A permanência das coisas
 
    Subi uma alta serra que se chama da Tormenta, ao sul de Minas, e foi ali que me veio uma pergunta: o que passa e o que fica? Ali do alto onde tudo se avista, onde o vento mostra sua força e as nuvens sua amplidão, ali me interroguei, porrque a serra tem a mansidão da eternidade feita de pedra, e a aldeia a seus pés, Carmo do Rio Claro, tem a mansidão da infinitude. Ali as pessoas nascem devagar, andam devagar; olham longamente, se debruçam nas janelas, conversam sobre minúcias, cruzam solenes as ruas, se amam com lentidão. Infinitamente fabricam doces eternos, observam a vida a se consumir nas achas do fogão a lenha; a esoar no soro do queijo branco, e a vida parece que não passa, ou passa sem se perder; passa na procissão, morrrem nos momentos devagar e calmamente, como se não morressem. E as noites, completas, com a reticência das estrelas. E todas as dores cabem num coração. E tudo cabe numa pequena igreja, glória feita de mistério. 

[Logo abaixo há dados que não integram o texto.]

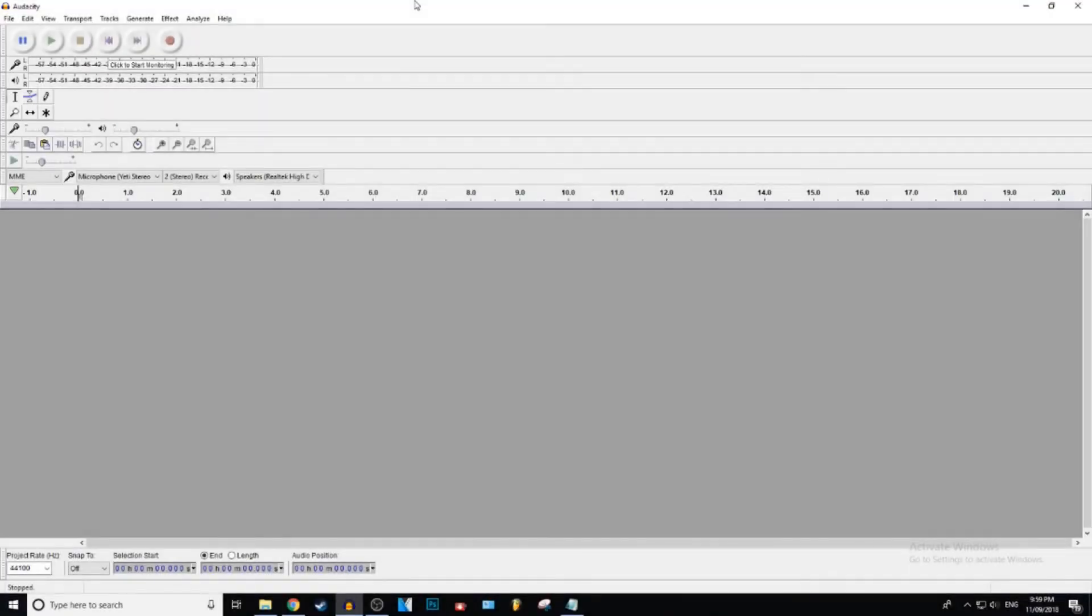What is up everybody, Gistic here and today I'm going to be showing you how to add echo and reverb to your audio in Audacity. Let's get into it.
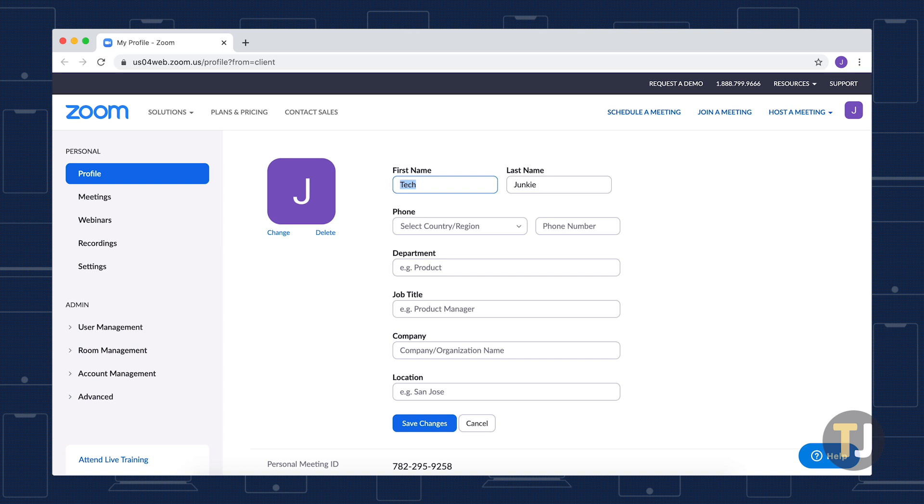If you want, you can also change, update, or add your phone number, department, job title, company, and location to your Zoom account, all within your profile page.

    Será que uma aldeia pode perpetuar nossa vida? Será que uma geografia pode nos eternizar? Será que uma serra para sempre existirá? Até quando tudo existirá? Alguém que nasceu aos pés de uma forma perene sente tudo permanecer? Serei eu tão móvel porque nasci diante de um oceano? Tudo passa? Tudo fica?  Será que a passagem das coisas é apena um sentimento? Perguntas ao vento que ninguém responderá. Perguntei ao Drumond que têm dua mãos e o sentimento do mundo, seu livro respondeu. De tudo ficou um pouco, pois de tudo fica um pouco, sob as bibliotecas, os asilos, as igrejas triunfantes. O terceiro amor passou, mas o amor continua. 

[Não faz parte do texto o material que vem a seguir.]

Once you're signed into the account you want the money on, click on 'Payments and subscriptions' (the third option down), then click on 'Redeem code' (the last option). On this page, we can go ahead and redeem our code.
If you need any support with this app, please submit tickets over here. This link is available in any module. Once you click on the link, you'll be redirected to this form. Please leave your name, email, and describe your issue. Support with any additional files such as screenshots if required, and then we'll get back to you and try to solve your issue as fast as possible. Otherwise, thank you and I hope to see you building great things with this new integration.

    As flores que nascem no meu jardim não fazem rewferencia a flores anteriores ou melhores: elas são pelo que são, existem hoje com Deus, diria um padre. São novos passarinhos que cantam nas árvores? Novas crianças que cruzam sozinhas a praça do Carmo ou as mesmas crianças de sempre? Novas palavras que escrevemos, ou as mesmas palavras de antigamente? Quando nos esquecemos de alguém, passar é o esquecimento? Relendo tudo que escrevi aqui, senti que algo ficou em mim. Tudo fica em nós. As palavras eternizam a impermanência, sabemos que o dia passará, mas que o sol vai ressurgir. Tudo é e tudo foi, flor de percepção, uma flor escura, rara, Uma serra desenhada no horizonte guarda a idéia da mais lenta evolução. Depois que subi essa serra, entendi alguns seres que se demoram a viver, pensam antes de responder, hesitam antes de decidir, ele têm em seu coração a permanência do instante".